━━ GIVEN INFORMATION
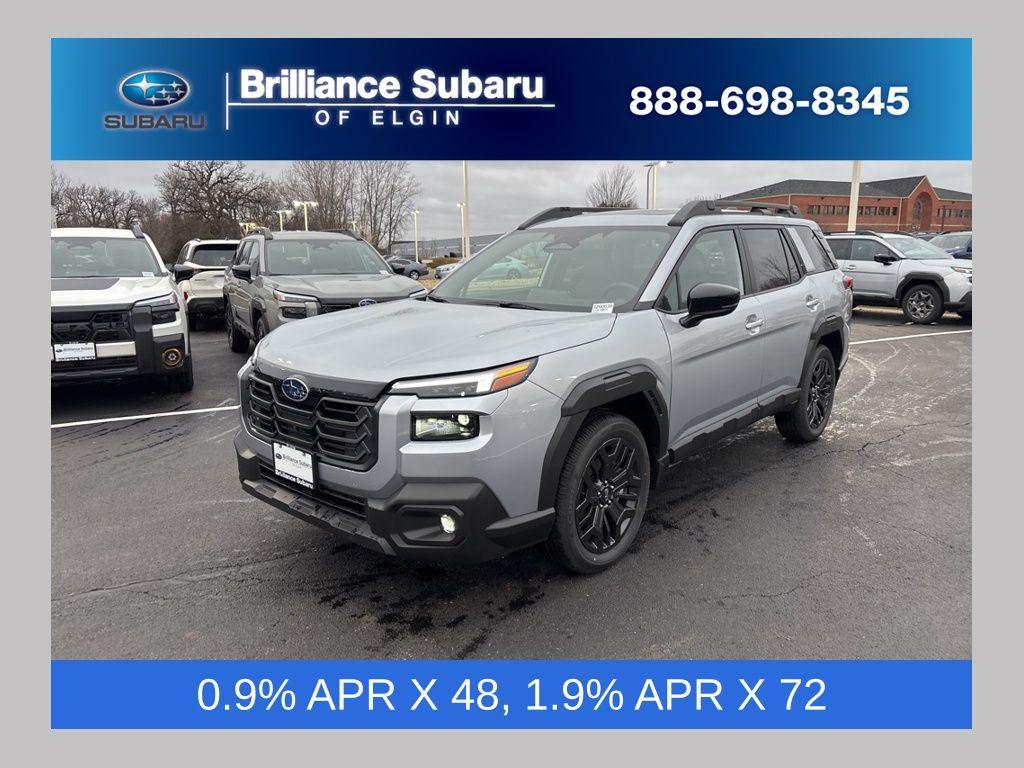 New 2026 Subaru Outback Limited XT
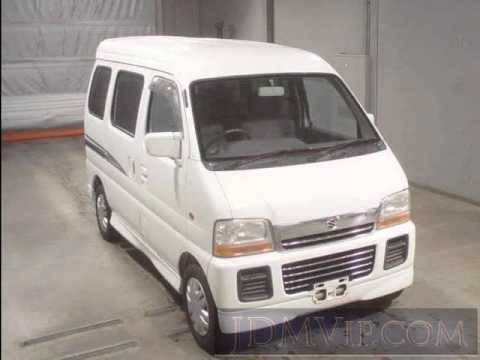 Suzuki Every 1999 - now Microvan #4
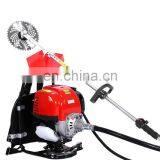 4 Stroke 31cc Grass Cutter Machine Price Gasoline Grass Trimmer Brush Cutter Grass Cutter Engine Lawn Mower thumbnail-3
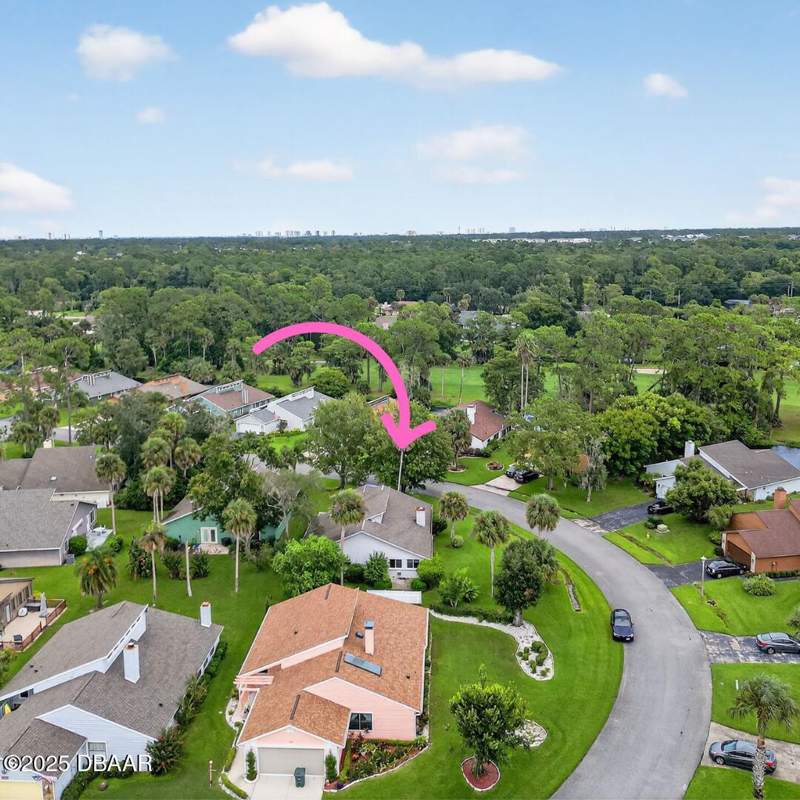 2 bedroom Single Family Residence at 236 Gull Drive, Pelican Bay, Daytona Beach — photo 3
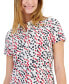 Фото #2 товара Топ Tommy Hilfiger DitsyFloral Polo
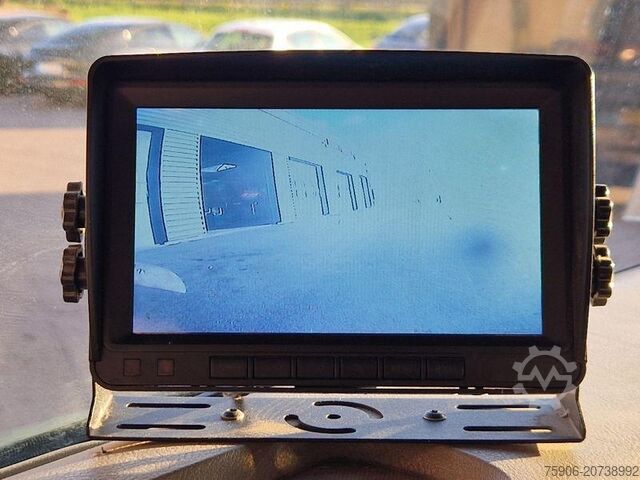 Tipper truck Renault Premium Lander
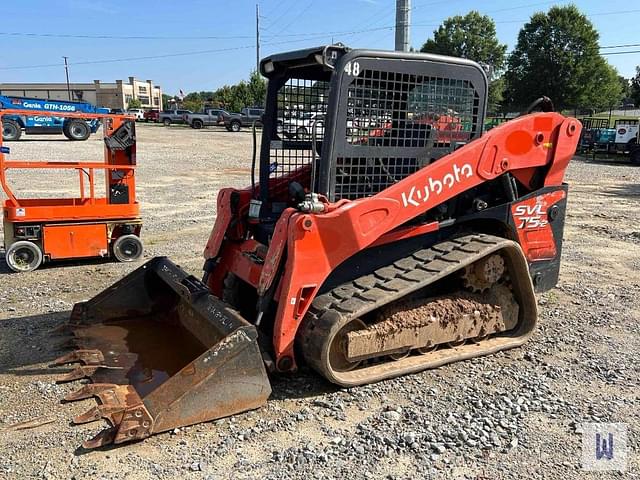 Image of Kubota SVL75-2 equipment image 1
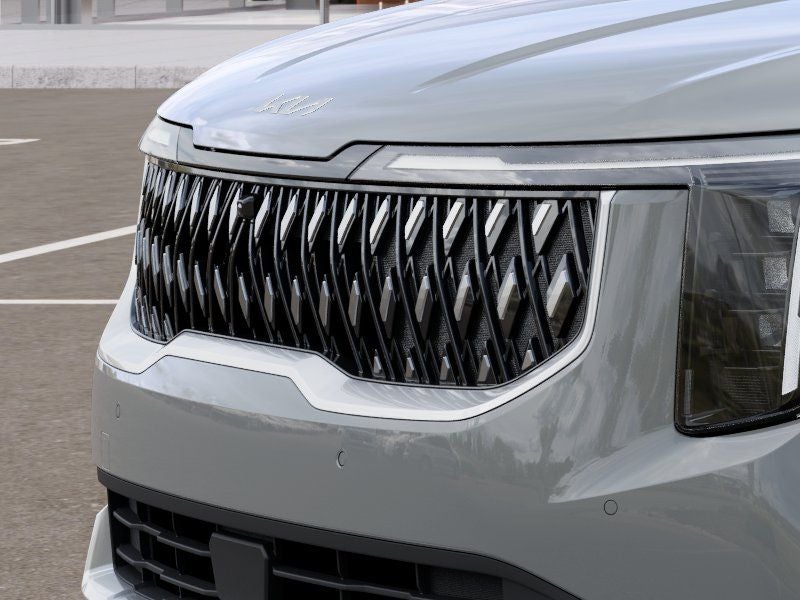 2027 Kia Carnival MPV Hybrid LXS
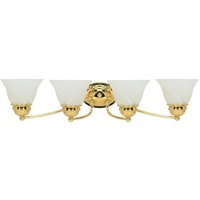 Bathroom Lighting (4 or more bulbs) 28-3/4" Width
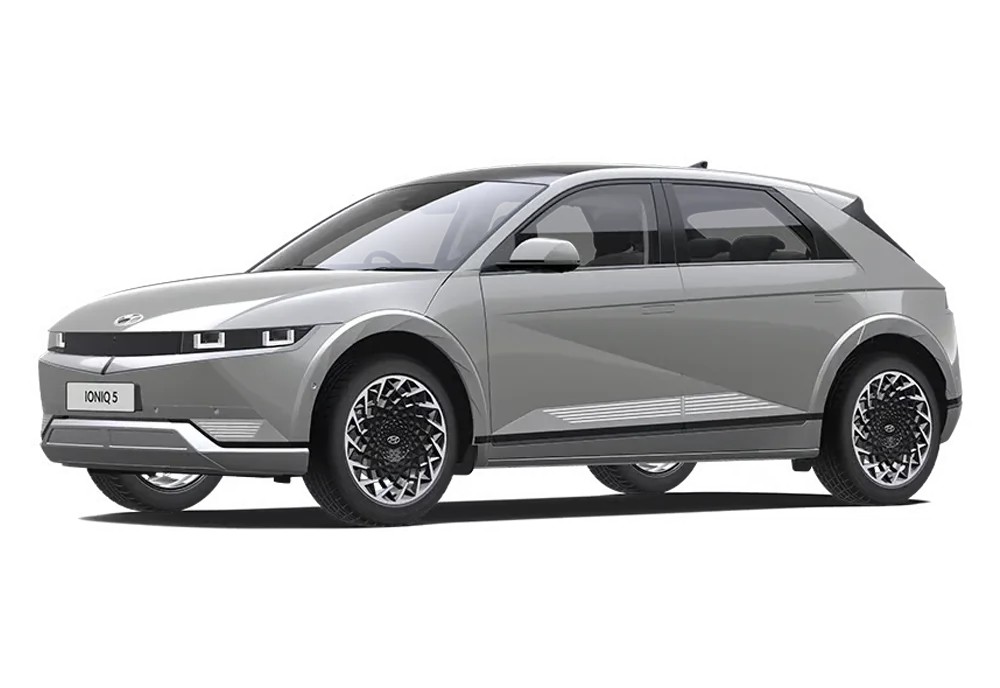 Magnetic Silver Metallic
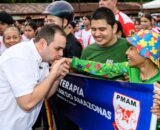 Durante celebração dos 189 anos da PMAM, governador interino Roberto Cidade destaca mais de R$ 1 bilhão em investimentos na segurança pública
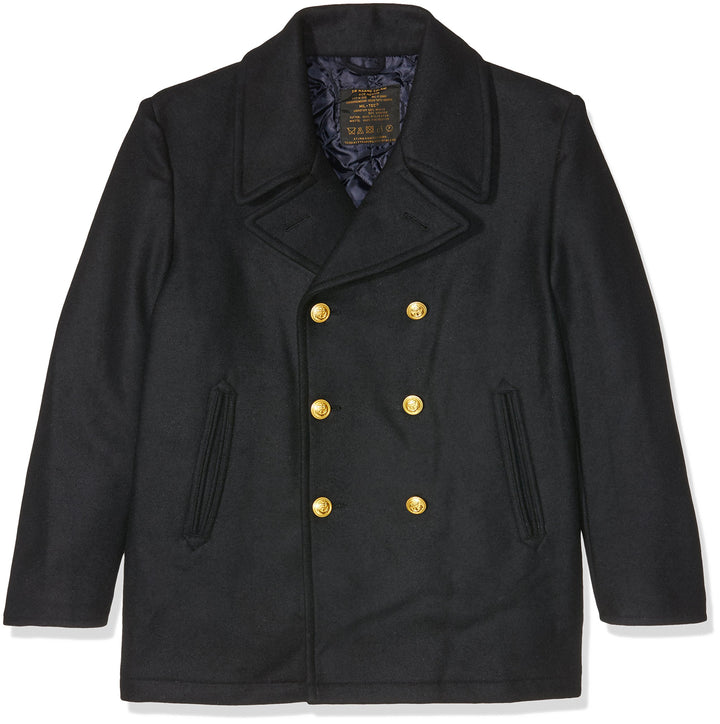 Mil-Tec Herren Jacke-10578000 Jacke S DUNKELBLAU, S DUNKELBLAU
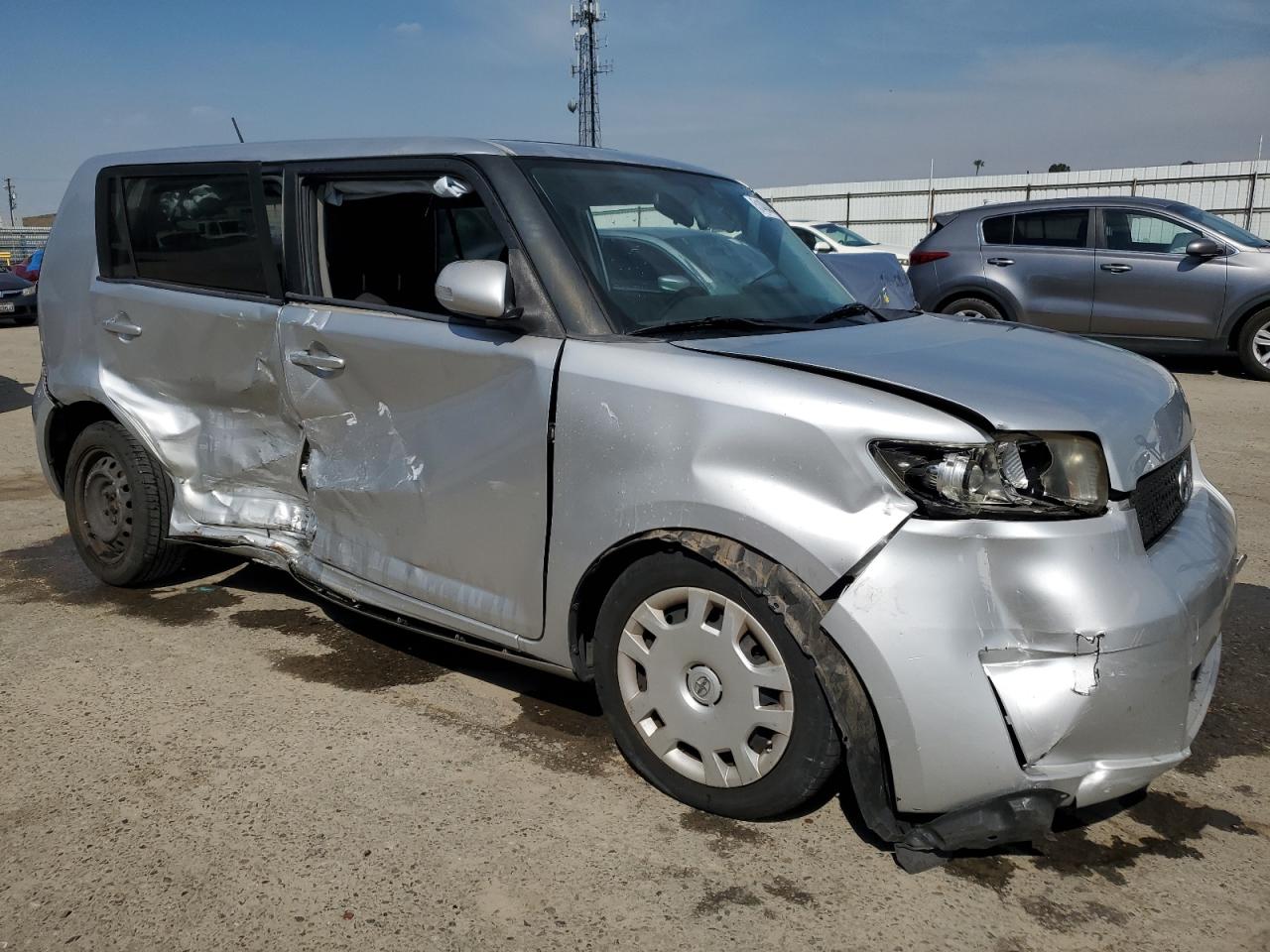 JTLZE4FE8A1100172 2010 Toyota Scion Xb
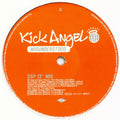 Kick Angel : Misunderstood (12", Promo)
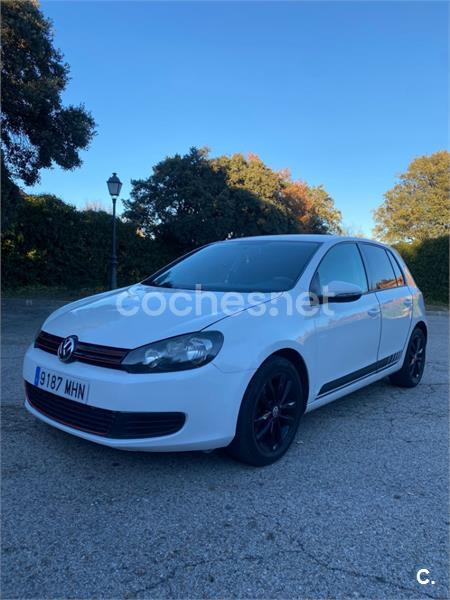 VOLKSWAGEN Golf 1.6 TDI BlueMotion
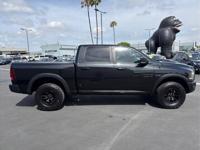 2017 RAM 1500 CREW CAB REBEL PICKUP 4D 5 1/2 FT east san diego county - Image 7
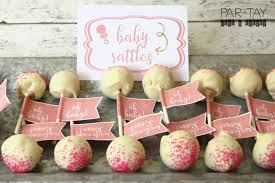 These baby shower favor tags make any baby shower just a little sweeter! Free Baby Shower Printable Tags Party Like A Cherry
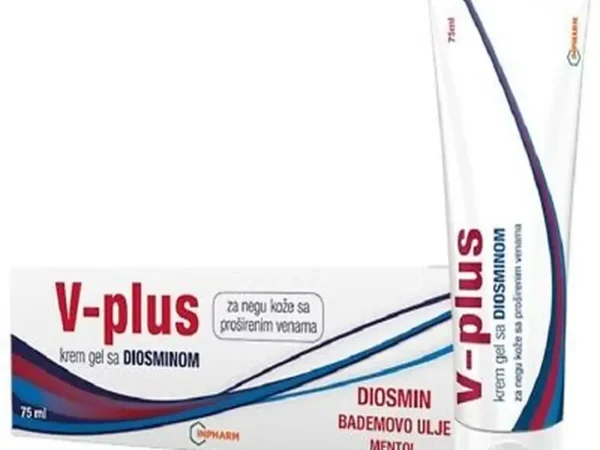 V - Plus krem-gel sa diosminom 75ml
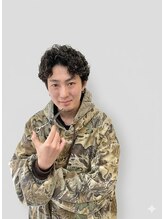 テーラヘアー 妙典店(TELAHAIR) 黒坂 陸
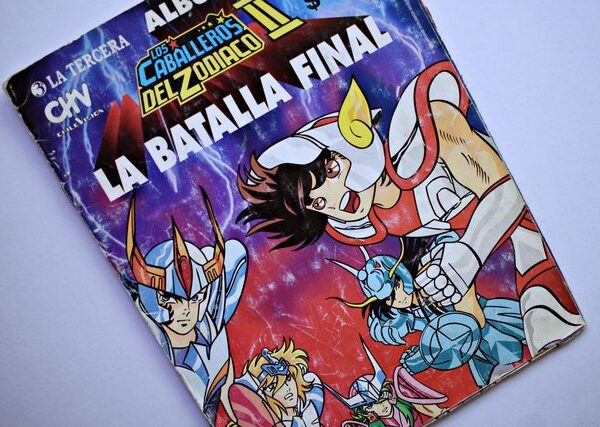 Caballeros Del Zodiaco 2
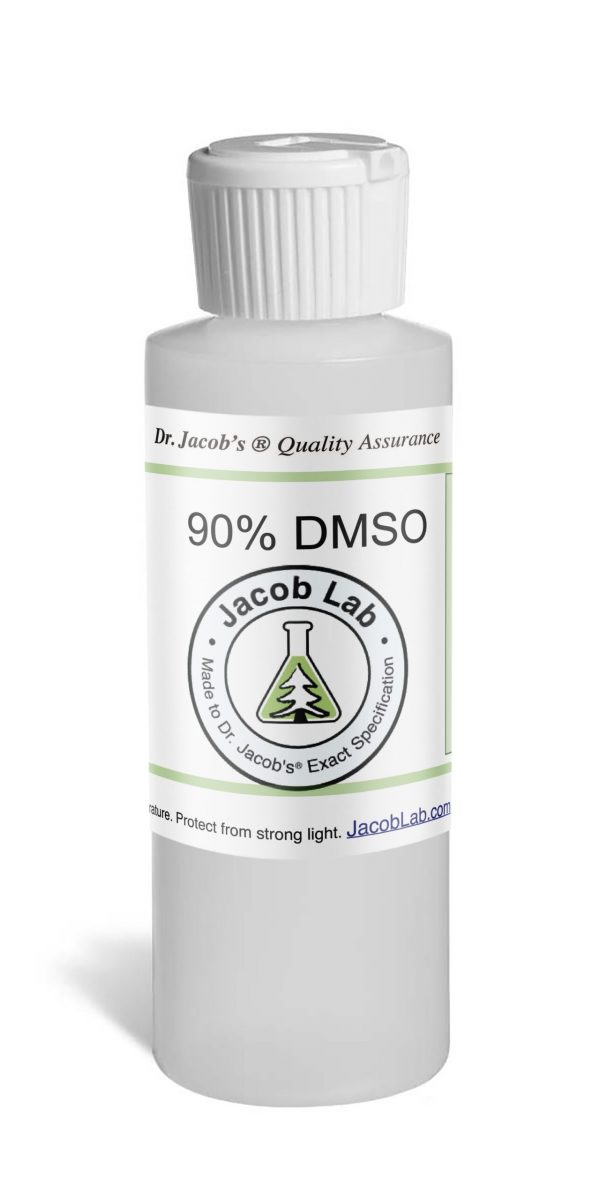 DMSO 90% Gel 40z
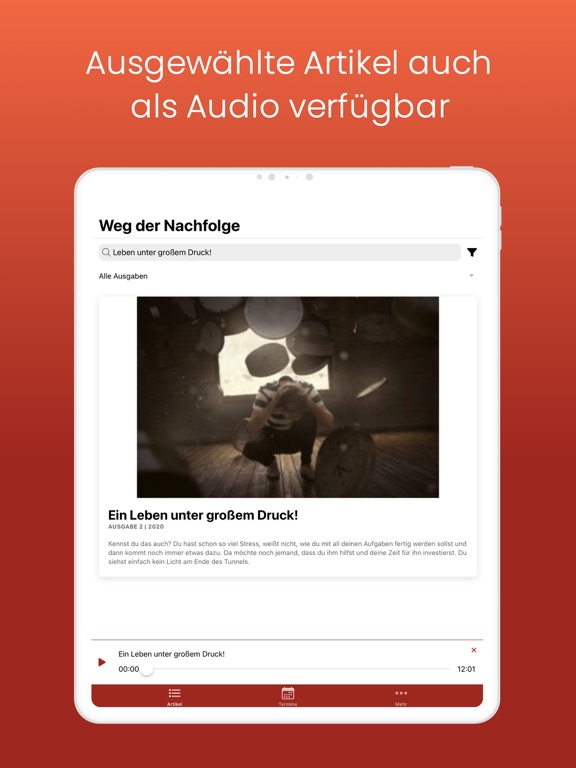 Screenshot #6 pour Stephanus - WdN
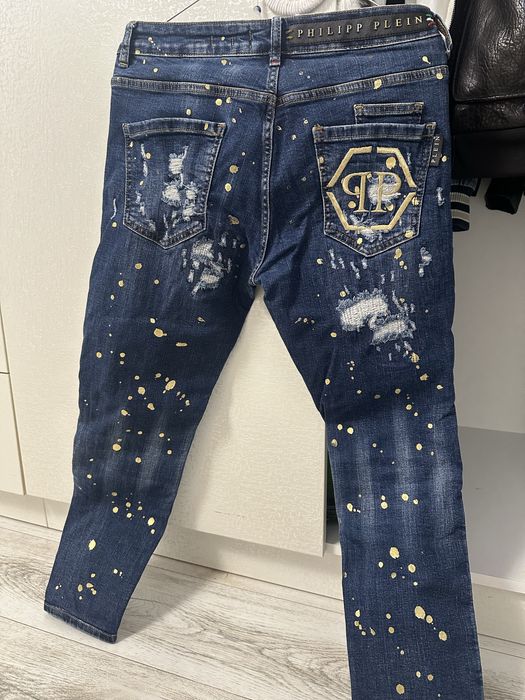 Blugi phiilipp plein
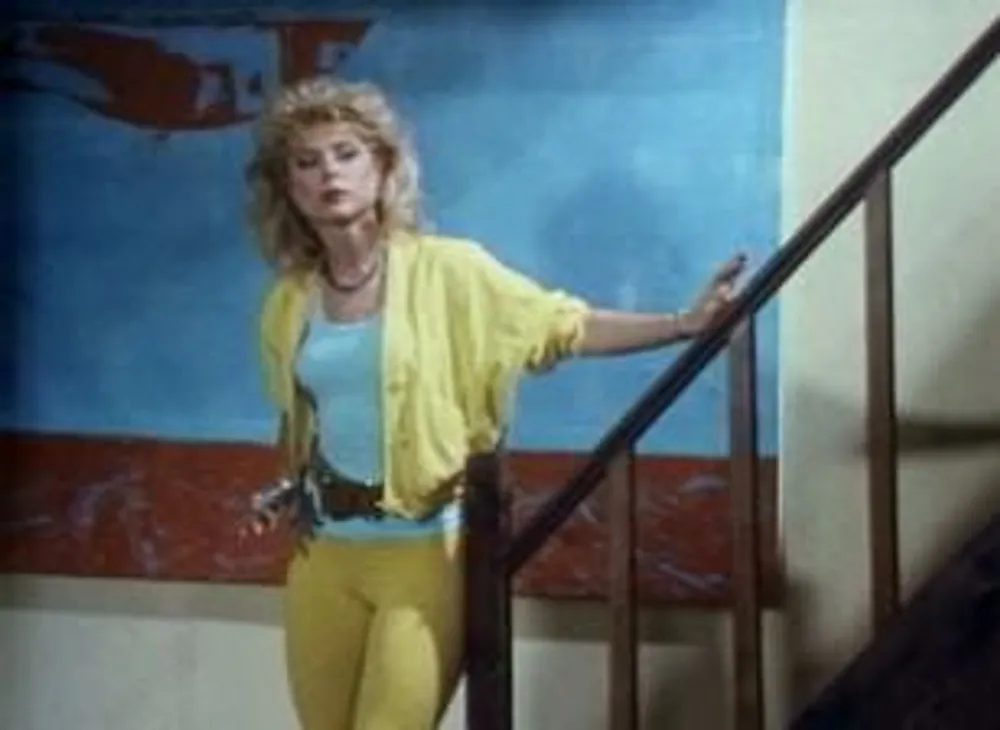 Nina Hartley The Sex Teacher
━━━━
WHAT YOU SHOULD DO: Give all the records again, exactly, without images.

SOLUTION TO THIS TASK:
 New 2026 Subaru Outback Limited XT
 Suzuki Every 1999 - now Microvan #4
 4 Stroke 31cc Grass Cutter Machine Price Gasoline Grass Trimmer Brush Cutter Grass Cutter Engine Lawn Mower thumbnail-3
 2 bedroom Single Family Residence at 236 Gull Drive, Pelican Bay, Daytona Beach — photo 3
 Фото #2 товара Топ Tommy Hilfiger DitsyFloral Polo
 Tipper truck Renault Premium Lander
 Image of Kubota SVL75-2 equipment image 1
 2027 Kia Carnival MPV Hybrid LXS
 Bathroom Lighting (4 or more bulbs) 28-3/4" Width
 Magnetic Silver Metallic
 Durante celebração dos 189 anos da PMAM, governador interino Roberto Cidade destaca mais de R$ 1 bilhão em investimentos na segurança pública
 Mil-Tec Herren Jacke-10578000 Jacke S DUNKELBLAU, S DUNKELBLAU
 JTLZE4FE8A1100172 2010 Toyota Scion Xb
 Kick Angel : Misunderstood (12", Promo)
 VOLKSWAGEN Golf 1.6 TDI BlueMotion
 2017 RAM 1500 CREW CAB REBEL PICKUP 4D 5 1/2 FT east san diego county - Image 7
 These baby shower favor tags make any baby shower just a little sweeter! Free Baby Shower Printable Tags Party Like A Cherry
 V - Plus krem-gel sa diosminom 75ml
 テーラヘアー 妙典店(TELAHAIR) 黒坂 陸
 Caballeros Del Zodiaco 2
 DMSO 90% Gel 40z
 Screenshot #6 pour Stephanus - WdN
 Blugi phiilipp plein
 Nina Hartley The Sex Teacher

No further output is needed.